What you should do ::
Output the data below in full, character for character.

Task material ::

--------------------

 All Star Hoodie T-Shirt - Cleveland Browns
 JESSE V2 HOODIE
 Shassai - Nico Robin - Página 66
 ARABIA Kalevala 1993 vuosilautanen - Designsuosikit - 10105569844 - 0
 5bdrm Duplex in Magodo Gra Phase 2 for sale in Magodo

--------------------

Reply ::
 All Star Hoodie T-Shirt - Cleveland Browns
 JESSE V2 HOODIE
 Shassai - Nico Robin - Página 66
 ARABIA Kalevala 1993 vuosilautanen - Designsuosikit - 10105569844 - 0
 5bdrm Duplex in Magodo Gra Phase 2 for sale in Magodo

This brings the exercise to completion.